- Description of the task
Pictures are to be left out, and every entry repeated exactly.

- Provided records
————————
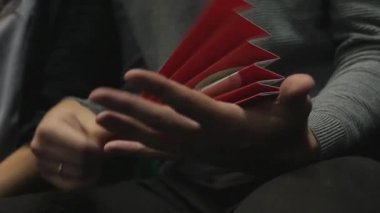 Elini, avuç içinde bir kağıt fan fan gürlemesi yakın çekim. HD, 1920 x 1080. ağır çekim.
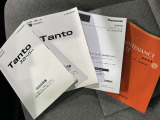 メンテナンスノート、取扱説明書です。 その車の整備記録が事細やかに記録されています。 車が生まれてから今までどのような道を歩んできたのか判るとても重要な物ですよ。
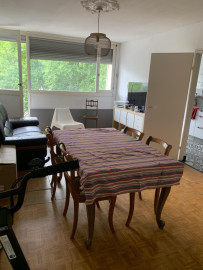 
                                                                                        Colocation
                                                                                         Chambre meublée en colocation à Rennes Clemenceau.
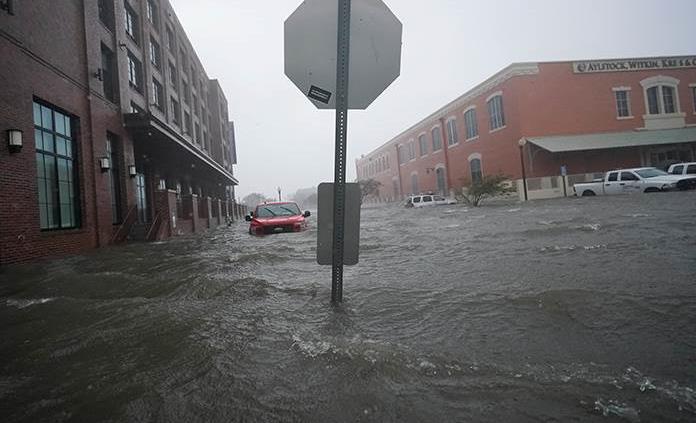 Ciclón "Sally" deja un muerto e inundaciones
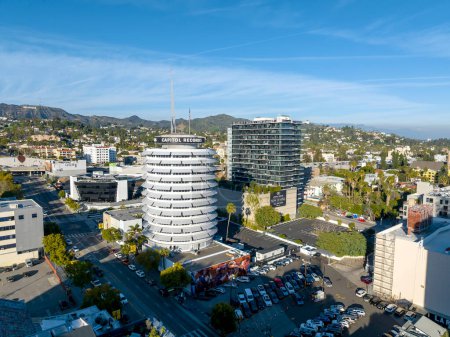 Téléchargez les photos : 04 février 2023 Los Angeles, Californie, États-Unis : Le Capitol Records Building, également connu sous le nom de Capitol Records Tower, est un bâtiment de 13 étages situé à Hollywood, Los Angeles. - en image libre de droit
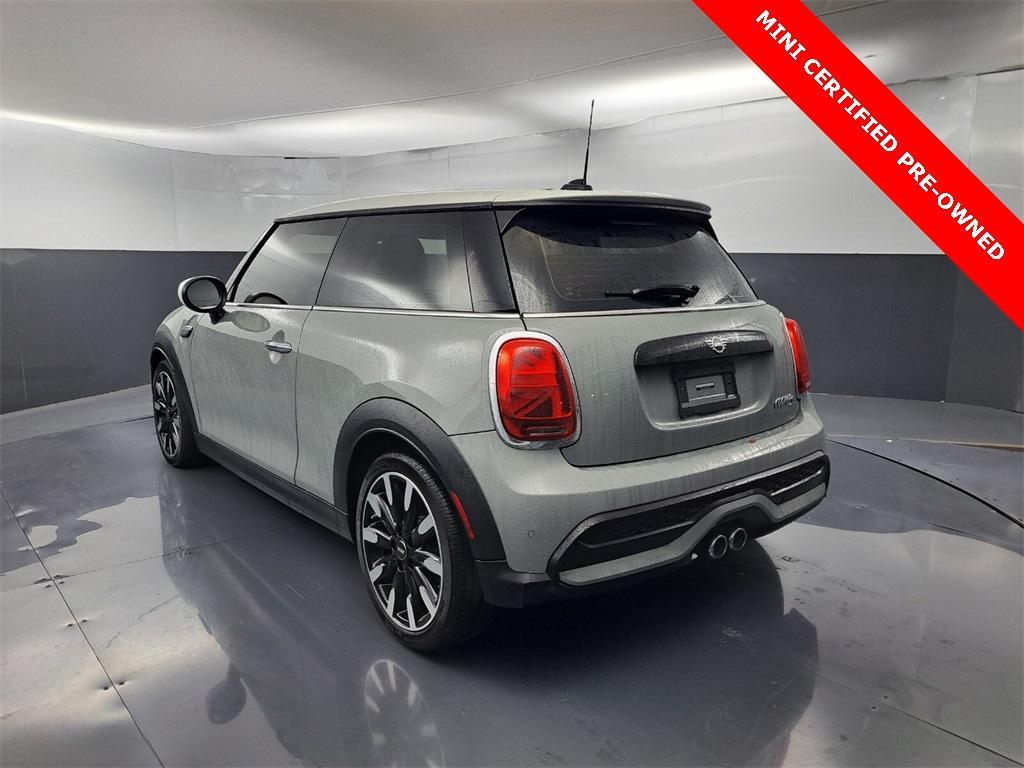 used 2022 MINI Hardtop car, priced at $27,495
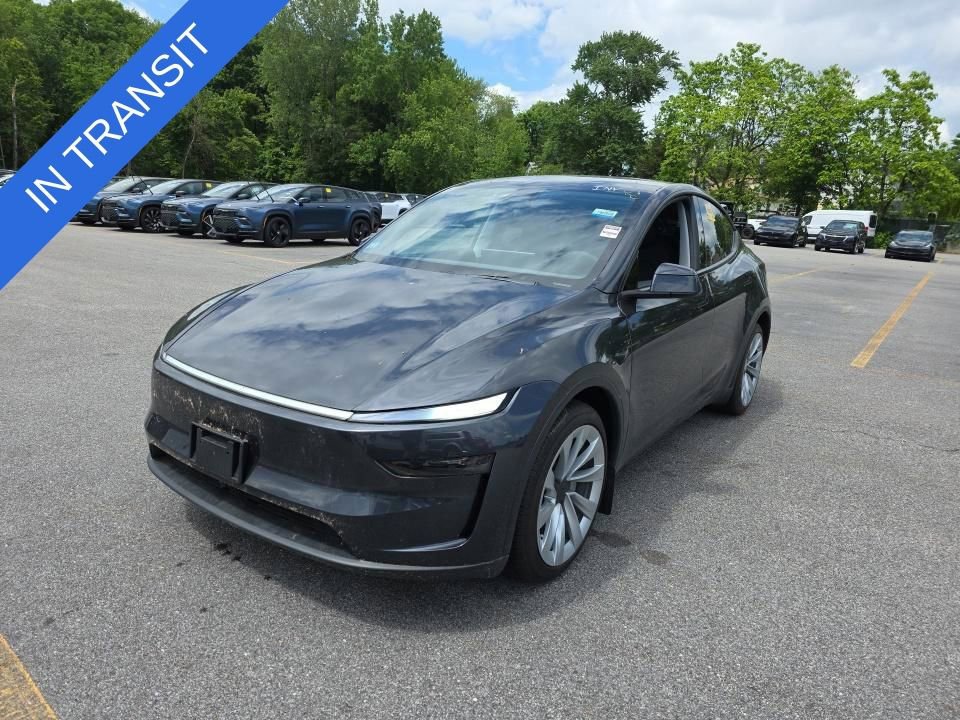 Used 2026 Tesla Model Y AWD image 1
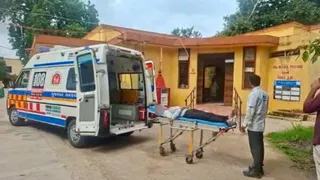 पश्चिम एक्सप्रेस में यात्री को आया हार्ट अटैक।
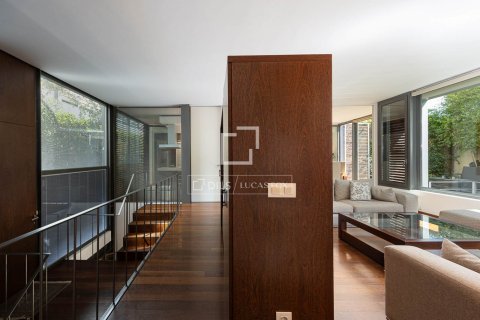 Villa for sale in Barcelona, Spain 4 bedrooms, 285 sq.m. No. 196234 - photo 25
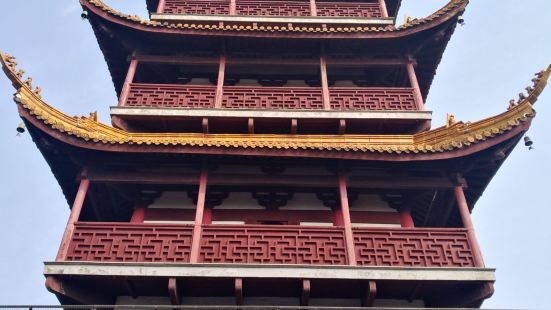 建于宋朝的支云塔，是中国佛教八小名山之首通州狼山广教寺的最高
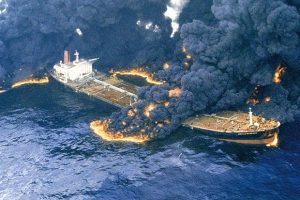 معلومات استخباراتية جديدة حول استهداف ناقلات النفط في بحر عمان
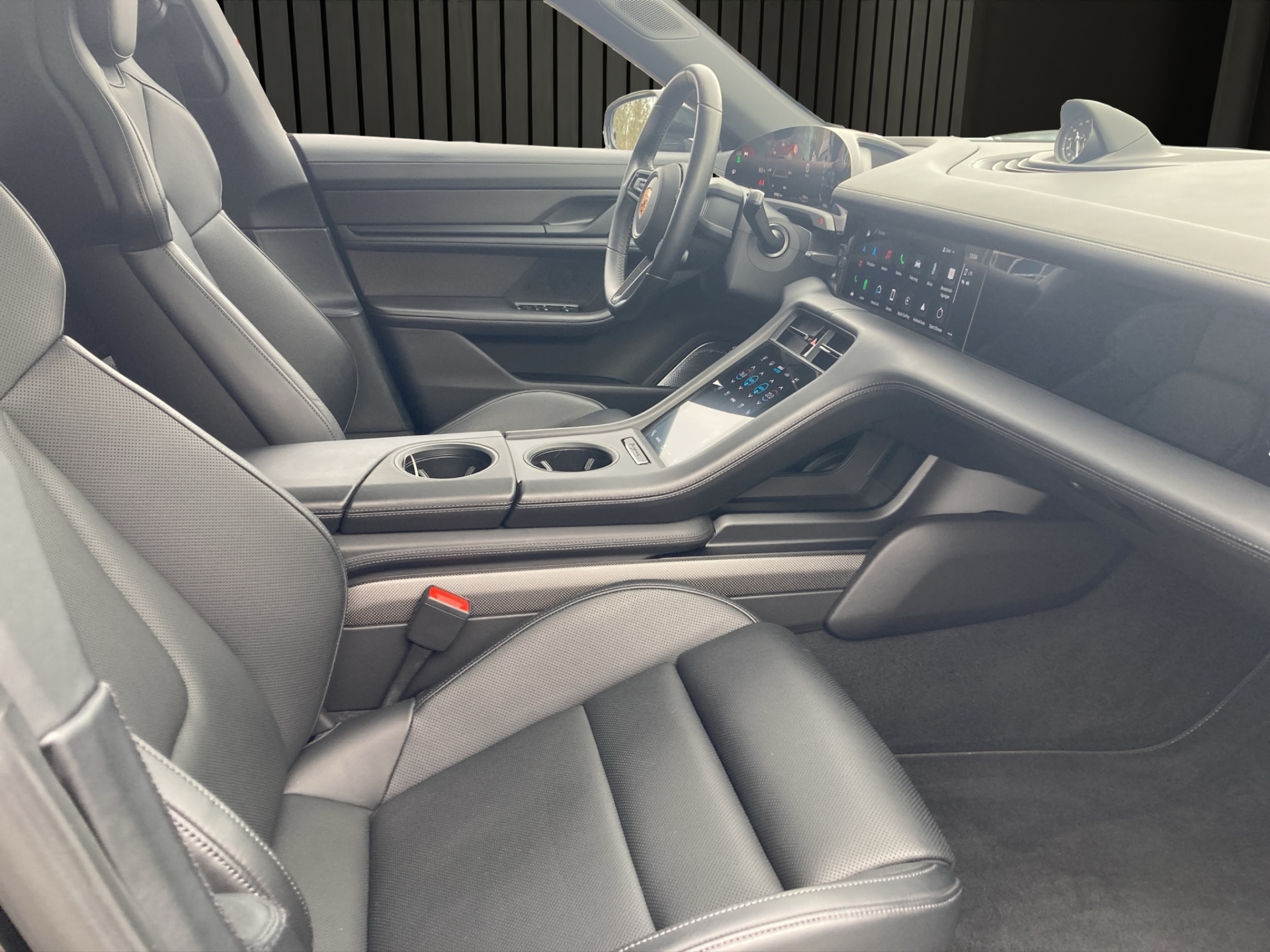 PORSCHE Taycan 4S Cross Turismo-image-12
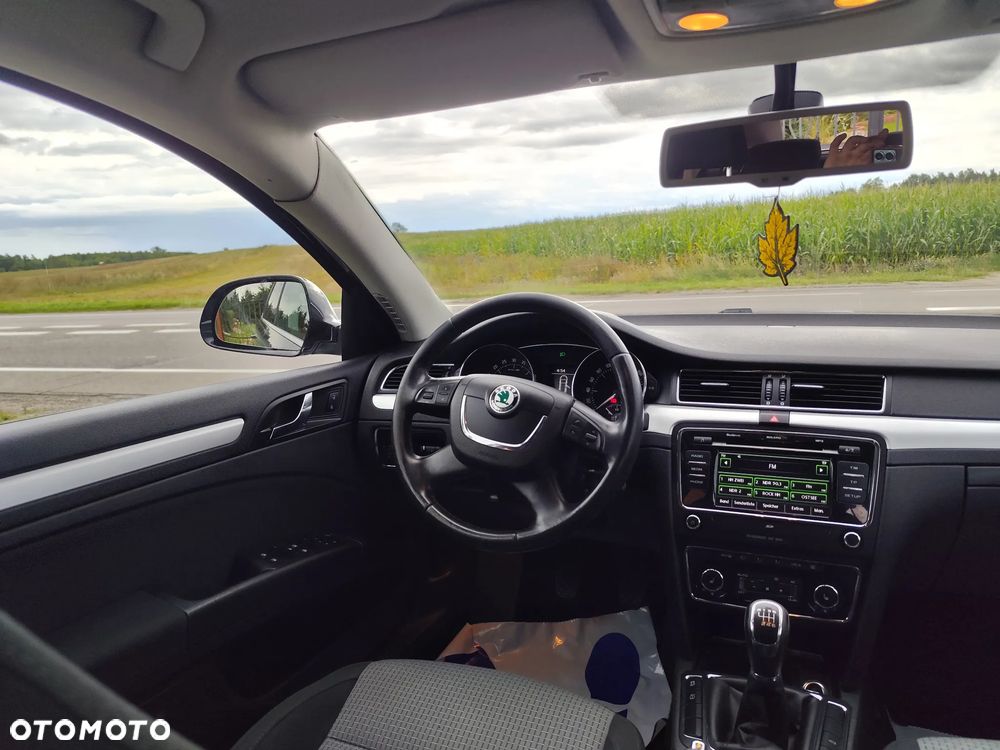 Skoda Superb 2.0 TDI Ambition - 24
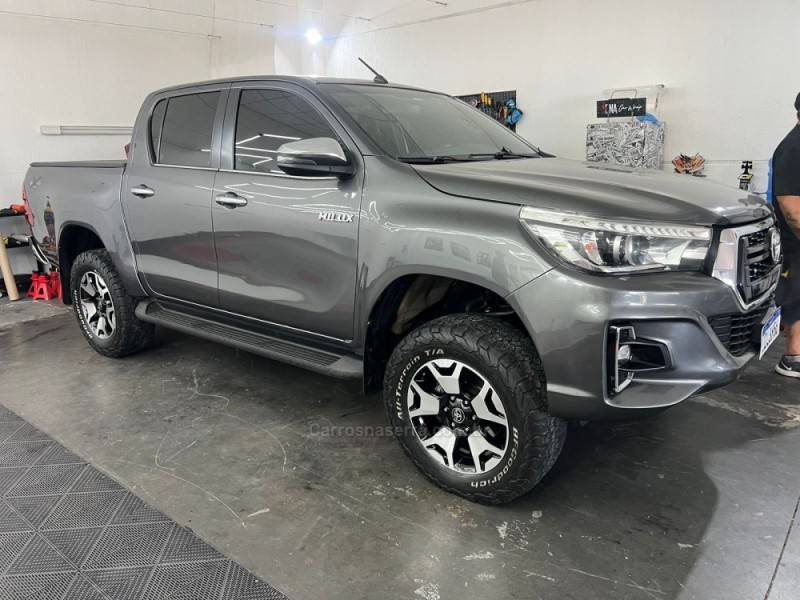 TOYOTA - HILUX - 2019/2020 - Cinza - R$ 219.990,00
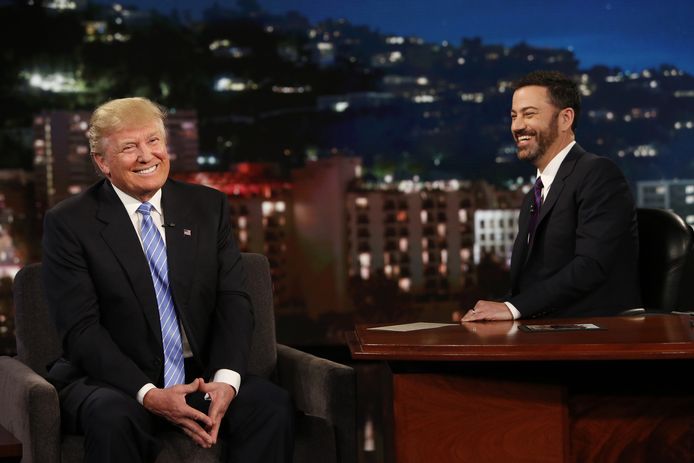 Acht jaar geleden was Donald Trump als presidentskandidaat nog te gast bij talkshowhost Jimmy Kimmel, maar intussen maken de twee elkaar geregeld belachelijk.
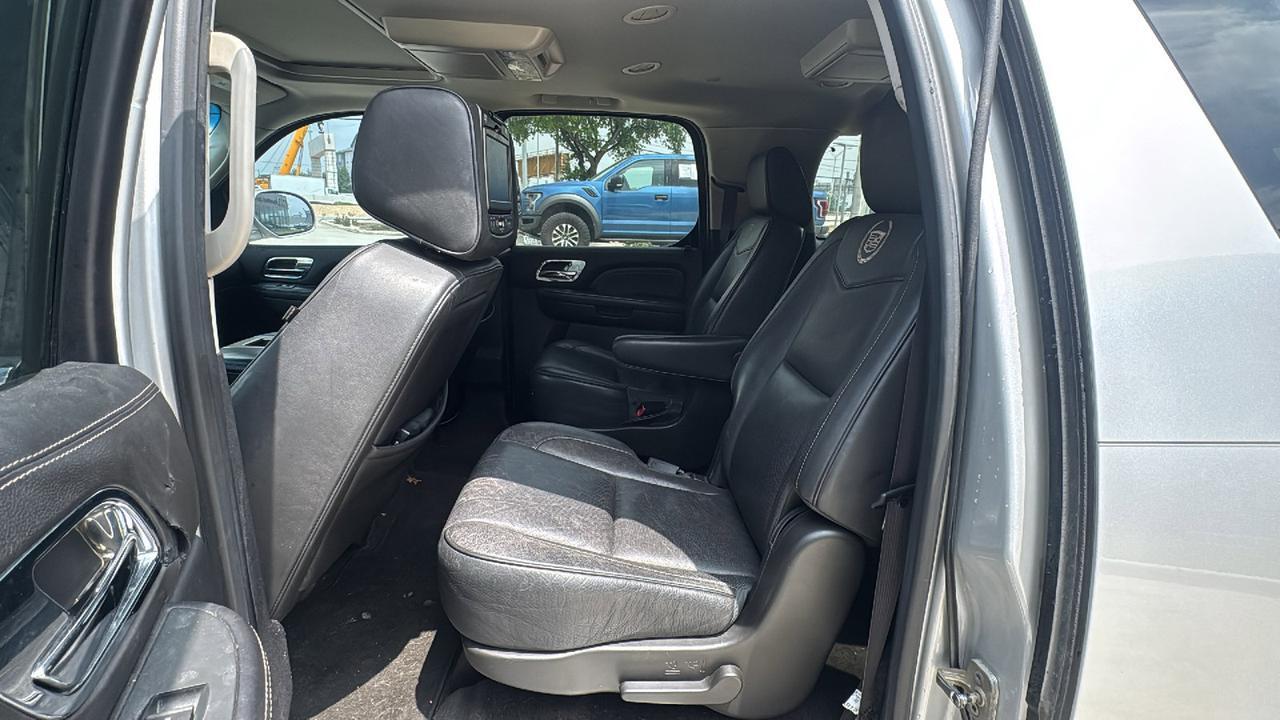 2013 Cadillac Escalade ESV Platinum Edition  Selma TX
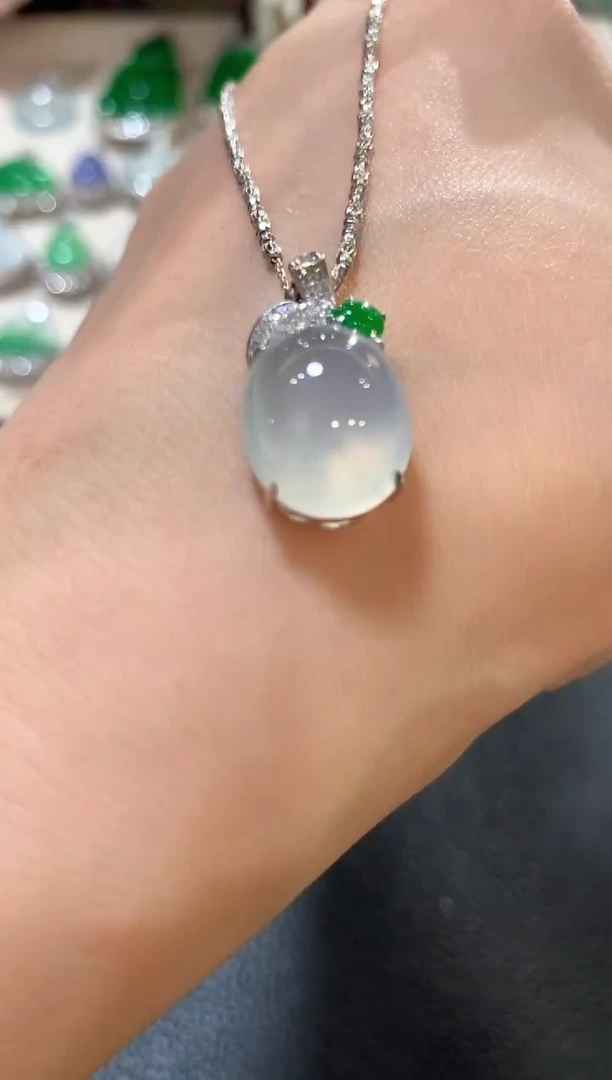 吊坠(不含链)18K金镶嵌翡翠z88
————————
- Exercise result
 Elini, avuç içinde bir kağıt fan fan gürlemesi yakın çekim. HD, 1920 x 1080. ağır çekim.
 メンテナンスノート、取扱説明書です。 その車の整備記録が事細やかに記録されています。 車が生まれてから今までどのような道を歩んできたのか判るとても重要な物ですよ。
                                                                                        Colocation
                                                                                         Chambre meublée en colocation à Rennes Clemenceau.
 Ciclón "Sally" deja un muerto e inundaciones
 Téléchargez les photos : 04 février 2023 Los Angeles, Californie, États-Unis : Le Capitol Records Building, également connu sous le nom de Capitol Records Tower, est un bâtiment de 13 étages situé à Hollywood, Los Angeles. - en image libre de droit
 used 2022 MINI Hardtop car, priced at $27,495
 Used 2026 Tesla Model Y AWD image 1
 पश्चिम एक्सप्रेस में यात्री को आया हार्ट अटैक।
 Villa for sale in Barcelona, Spain 4 bedrooms, 285 sq.m. No. 196234 - photo 25
 建于宋朝的支云塔，是中国佛教八小名山之首通州狼山广教寺的最高
 معلومات استخباراتية جديدة حول استهداف ناقلات النفط في بحر عمان
 PORSCHE Taycan 4S Cross Turismo-image-12
 Skoda Superb 2.0 TDI Ambition - 24
 TOYOTA - HILUX - 2019/2020 - Cinza - R$ 219.990,00
 Acht jaar geleden was Donald Trump als presidentskandidaat nog te gast bij talkshowhost Jimmy Kimmel, maar intussen maken de twee elkaar geregeld belachelijk.
 2013 Cadillac Escalade ESV Platinum Edition  Selma TX
 吊坠(不含链)18K金镶嵌翡翠z88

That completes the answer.